Our closest friends met us at the birth center, two of whom were expecting, and the other two who had photographed Apolline’s birth. At the door we met Sharon and a nurse, Rochelle, whom I had known since my pregnancy with Apolline and whom I love dearly. Our mothers were on their way and at that point I was sure they would arrive before Lou was born. So many strong women surrounded us and I took such comfort in that. We wanted Apolline present for the birth, but we were very concerned about how she would respond to the situation. She slept for a while, and when she woke she ran across the room to me and I held her as long as I could before another contraction began. She was so sleepy and sweet and I couldn’t help but hold tightly onto my first-born and rest in those last moments before Lou arrived. For the next hour and a half I labored steadily. We talked and laughed and it felt like an intimate party. Apolline was a little light flitting about the room and she gave me a beautiful reminder of the strength I had and what I was laboring towards. I asked my midwife to check me again around 4:30 and I was at a 7. At this point my contractions came faster and stronger and Sharon suggested I move into the tub.

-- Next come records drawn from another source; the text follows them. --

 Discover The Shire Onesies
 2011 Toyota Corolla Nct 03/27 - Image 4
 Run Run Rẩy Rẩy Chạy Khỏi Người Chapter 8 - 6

As I settled into the tub I began to push with each contraction. Things were very intense and I felt out of control, but Sharon and Rochelle comforted me and placed their trust in my body. A friend of mine had told me about a birth story she read in which the mama repeated to herself “you are getting so big” and I focused on that. I focused on opening and growing and surrendering to my body and my baby’s movement through me. At one point I remember thinking “How do I get out of this?” and that’s when I felt her come through. My water hadn’t broken yet and Sharon said to me “Your baby will be born en caul,” and I broke from a push to laugh. Soon after she shot out and it felt nothing like Apolline. I caught her and pulled her to my chest as they eased the veil of her sac off her face and she was just…she was beautiful. I held her close and sank into Jack as I cried in relief. She didn’t look anything like I expected. She had this tiny nose and her lips were full and swollen from moving so quickly through the birth canal. She wasn’t breathing well but her gaze was steady and when her eyes met mine I felt a great wave of peace wash over me. I birthed her placenta and moved to the bed where Apolline met us and wanted to nurse. She latched and pet me softly and brought me back to myself. She began to heal me physically as my empty uterus contracted and mentally as I settled into old patterns. Our mothers had arrived at the same time, moments after Lou. The room was open and warm and so full of love. I gazed at Jack in awe as I held my two girls. That moment is so complete to me; that sacred space surrounded by my entire little world.